Distributed Tracing: Following a Request Across Services
In a multi-service architecture, a single user request may pass through an API gateway, an authentication service, a business logic service, a database, an external API, and back. When that request is slow or fails, logs from each service are disconnected. You know something went wrong; you do not know which service in the chain was the problem or how much time each step took.
Distributed tracing solves this by assigning every request a unique trace ID that propagates through every service in the chain. Each service adds a span to the trace — a record of when it received the request, what it did, and when it responded. The trace aggregator assembles spans into a complete picture of the request’s journey through the system.
The trace for a slow API request might show: 15ms in the gateway, 5ms in auth, 820ms in the payment service (with a sub-span showing 810ms waiting for an external payment processor API call), 10ms back through the gateway. The 820ms problem is immediately isolated to the payment service and specifically to the external API call.

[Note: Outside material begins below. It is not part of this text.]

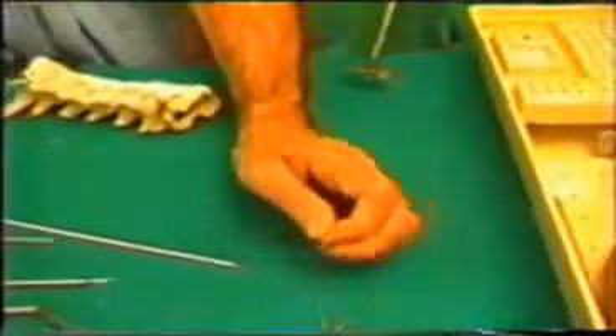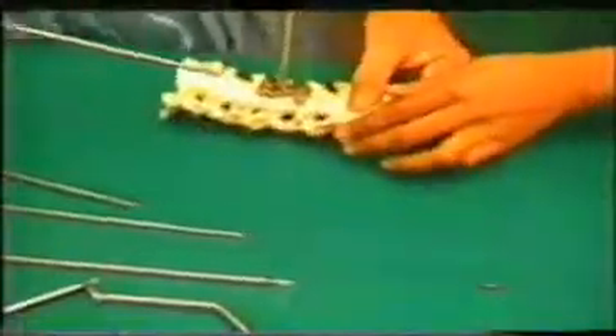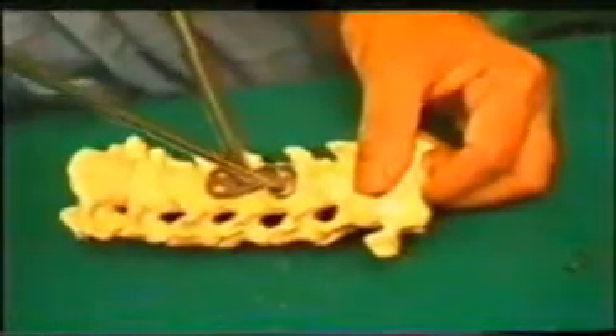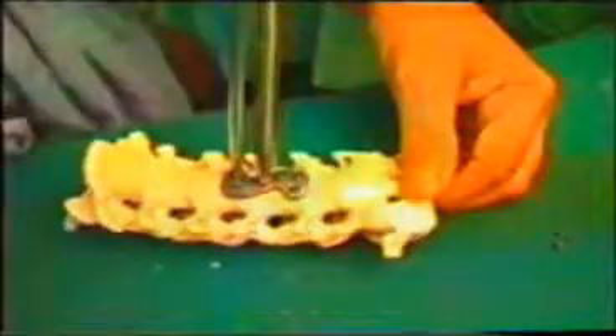These are the screws. This is the holder for the screw, which holds the screw tightly. You fix each screw in position — the second, the third, and the fourth. All four screws are placed at an angle of 15 degrees.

Without tracing, you have five services’ logs to correlate manually.
Implement tracing by generating a trace ID on ingress, including it in every outbound request as a header (the standard header is traceparent per the W3C Trace Context specification), and logging the trace ID alongside every log line. In a cohesive instrumentation setup, a trace ID links a specific user-facing failure to the exact span across every service that handled it.
OpenTelemetry is the current standard for instrumentation — a vendor-neutral SDK for emitting traces, metrics, and logs that can be sent to any compatible backend (Jaeger, Zipkin, Honeycomb, Datadog, and others). Instrumenting with OpenTelemetry avoids lock-in to a specific observability vendor.
Request IDs: The Foundation
Every API request should receive a unique request ID generated at ingress and included in every log line, every response header, and every error message. The request ID is the thread that connects a support report to the logs, a customer complaint to the trace, an error in one service to the original request that caused it.
X-Request-ID: req_f4e8b2d1a3c7e9b2
If the caller provides a request ID (some clients do for their own tracking), include it in logs alongside the server-generated one. Treat the request ID as load-bearing infrastructure — once you have it, you build everything else around it.
Observability is not an after-the-fact concern. The cost of retrofitting observability into a running system is significantly higher than building it in from the start. An API instrumented correctly from day one gives you the visibility to understand what it is doing before the first production incident reveals what you cannot see.